Authored by vzakhari on Apr 25 2023, 6:12 PM.

Details

Summary

This resolves issues with running out of stack on examples like
https://fortran-lang.discourse.group/t/modern-fortran-sample-code/2019/18
reported by @clementval.

When target rewrite creates alloca(s) around a call, we need to insert
stacksave/stackrestore to free the allocated stack. Better performant
code may be achieved by placing the alloca(s) outside of loops,
but the placement has to behave correctly with regards to OpenMP/OpenACC/etc.
dialect operations that have special representation for "private"
objects. This is a concervative fix for correctness issue.

Diff Detail

Event Timeline

vzakhari created this revision.Apr 25 2023, 6:12 PM
Herald added a project: Restricted Project. · View Herald TranscriptApr 25 2023, 6:12 PM
vzakhari requested review of this revision.Apr 25 2023, 6:12 PM
clementval accepted this revision.Apr 25 2023, 9:09 PM

LGTM

flang/include/flang/Optimizer/CodeGen/CGPasses.td
56

I think you only to add the dialect as a dependency if you generate op from this dialect. I might be wrong.

This revision is now accepted and ready to land.Apr 25 2023, 9:09 PM

Thank you for the review, Valentin!

flang/include/flang/Optimizer/CodeGen/CGPasses.td
56

You are totally right. The fir::factory::getLlvmStackSave/Restore calls below may generate FuncOps.

jeanPerier accepted this revision.Apr 26 2023, 12:30 AM

This looks like a good solution to me.

but the placement has to behave correctly with regards to OpenMP/OpenACC/etc.
dialect operations that have special representation for "private"
objects.

FYI, fir::FirOpBuilder::createTemporary can be used to create fir.alloca that are hoisted as far as allowed by OpenMP using the "mlir::omp::OutlineableOpenMPOpInterface" (@clementval BTW, I think something similar may be needed for OpenACC regions, because createTemporary is massively used in lowering. See the getAllocaBlock() logic: https://github.com/llvm/llvm-project/blob/faa1043144b3f6c3362fe1d9f43e55e741b40386/flang/lib/Optimizer/Builder/FIRBuilder.cpp#L209

createTemporary is however not a generic solution either, because alloca can only be hoisted if their size does not depend on SSA variables local to the loop (which is the case here, but is not true in general).

So, I feel we may hit this issue here and there, and that we will probably want a generic solution at the do loop construct level (and implicit loop from array expressions) to cleanup loop iteration alloca if this becomes a burden.

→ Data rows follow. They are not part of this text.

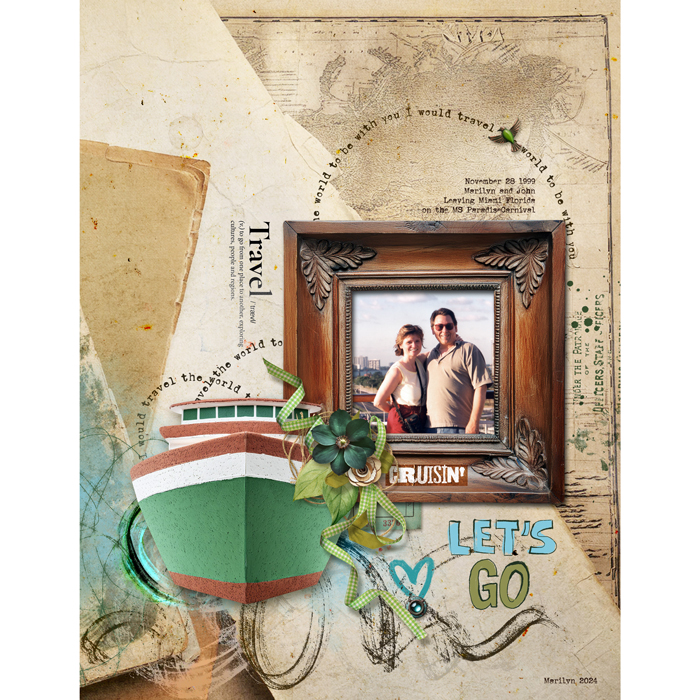 Voyages and Vistas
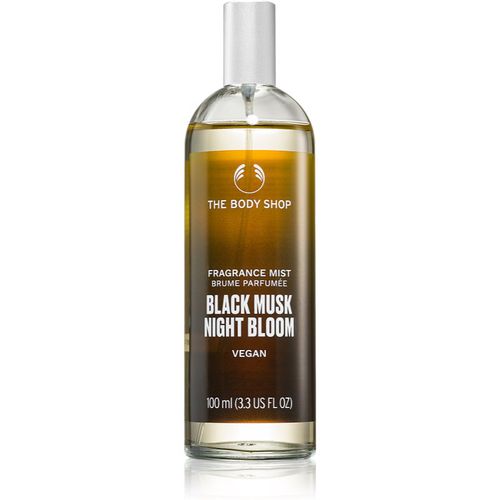 Black Musk Night Bloom spray corpo da donna 100 ml - The Body Shop - Modalova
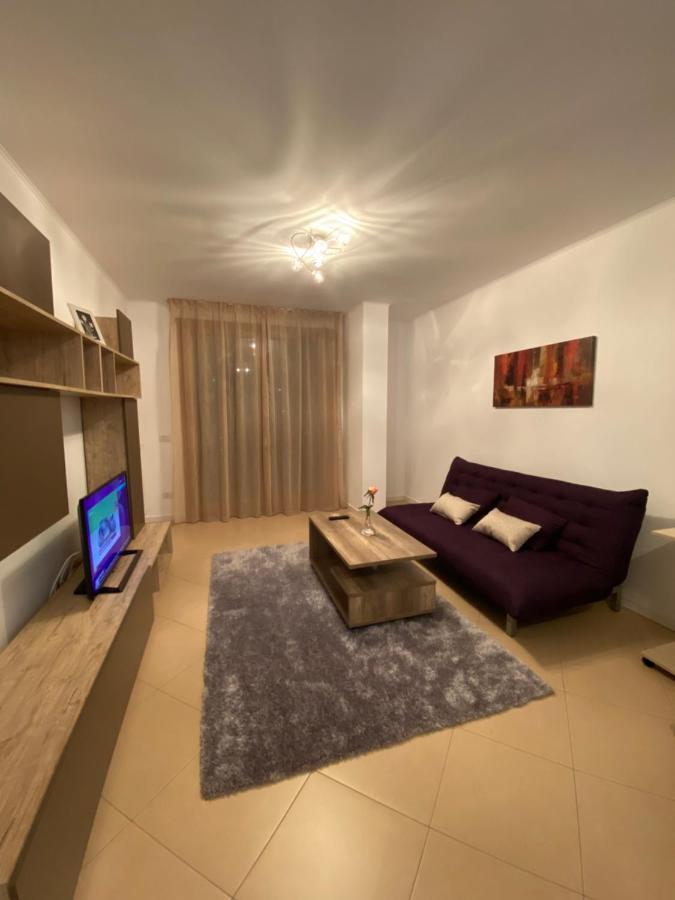 טימישוארה Central Apartment מראה חיצוני תמונה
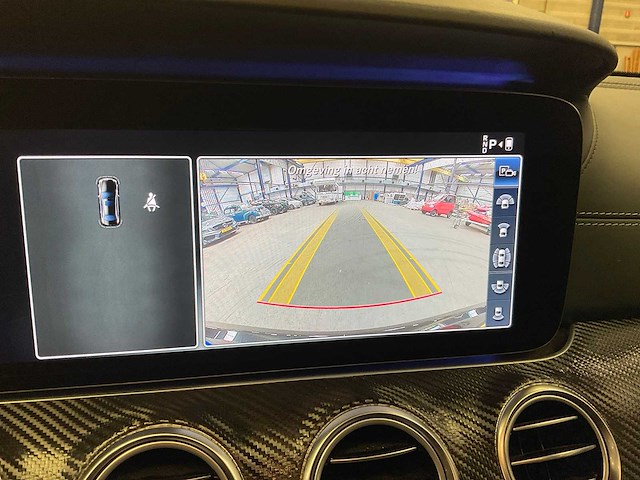 2017 mercedes-benz/amg e-klasse/e63s personenauto - afbeelding 10 van  44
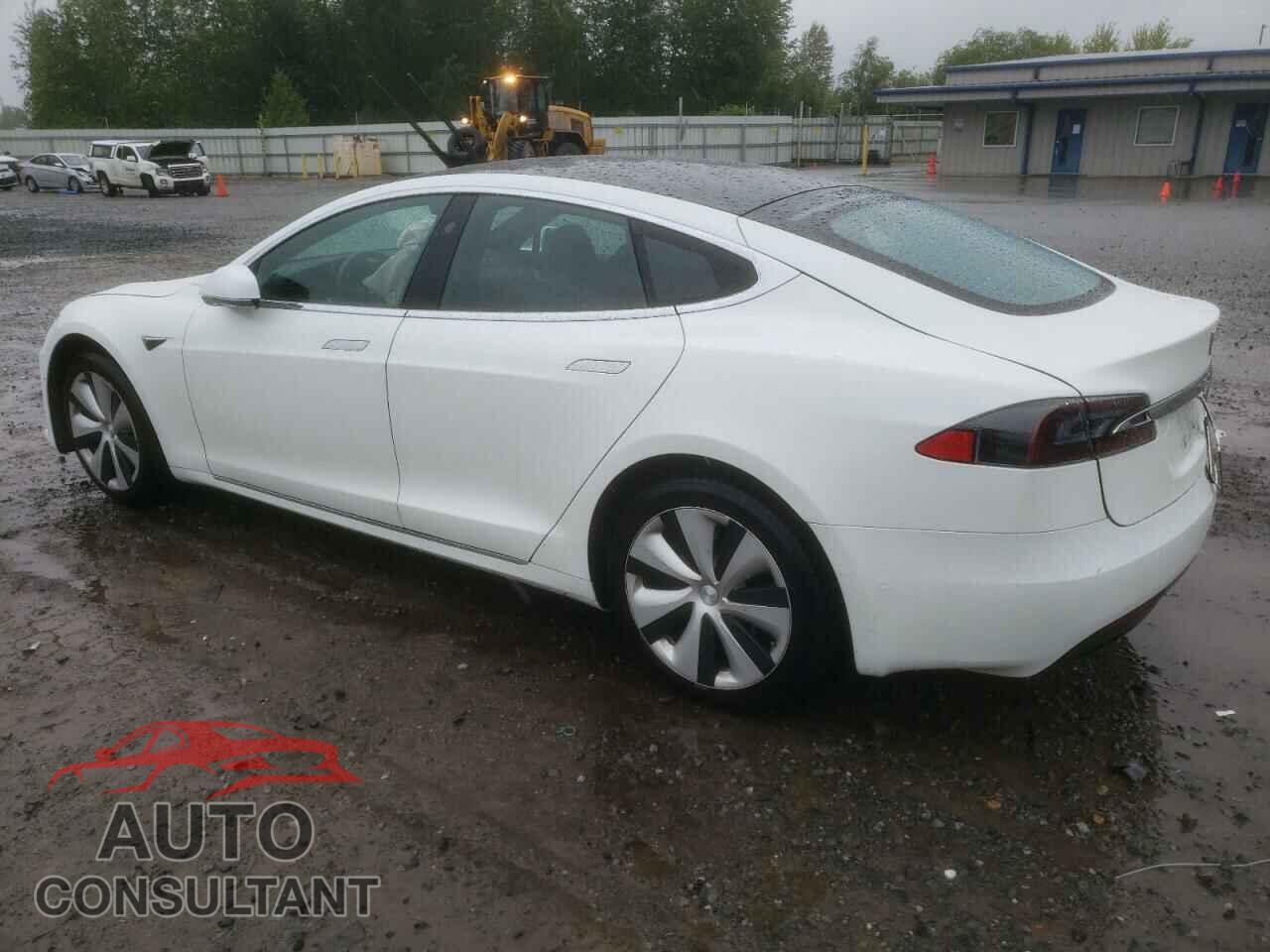 TESLA MODEL S 2020 - 5YJSA1E25LF391500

But in the meantime, the fix here seems just fine to me, thanks!

FYI, fir::FirOpBuilder::createTemporary can be used to create fir.alloca that are hoisted as far as allowed by OpenMP using the "mlir::omp::OutlineableOpenMPOpInterface" (@clementval BTW, I think something similar may be needed for OpenACC regions, because createTemporary is massively used in lowering. See the getAllocaBlock() logic: https://github.com/llvm/llvm-project/blob/faa1043144b3f6c3362fe1d9f43e55e741b40386/flang/lib/Optimizer/Builder/FIRBuilder.cpp#L209

Yeah we will probably need it but since we did not design how we will handle privatization in acc dialect we did not need it until now.

Thank you for pointing out fir::FirOpBuilder::createTemporary, Jean! I did not know that it was aware of the OpenMP operations.
To use it generically I suppose we will have to accompany it with some sort of "finalizeTemporary", which we will deal with inserting the stackrestore call in cases where the hoisting was not able to place the alloca outside of the scope where the alloca may be repeatedly executed (e.g. due to non-constant size).
I guess another option is to have a "fixup" pass that will detect alloca that can be repeatedly executed without automatic deallocation (such as in OpenMP/OpenACC operation scope) and will insert stacksave/stackrestore around it based on its lifetime. This may work assuming that conformant user programs cannot produce repeatable alloca, e.g. to deliberately overflow the stack.

This revision was landed with ongoing or failed builds.Apr 26 2023, 10:33 AM
This revision was automatically updated to reflect the committed changes.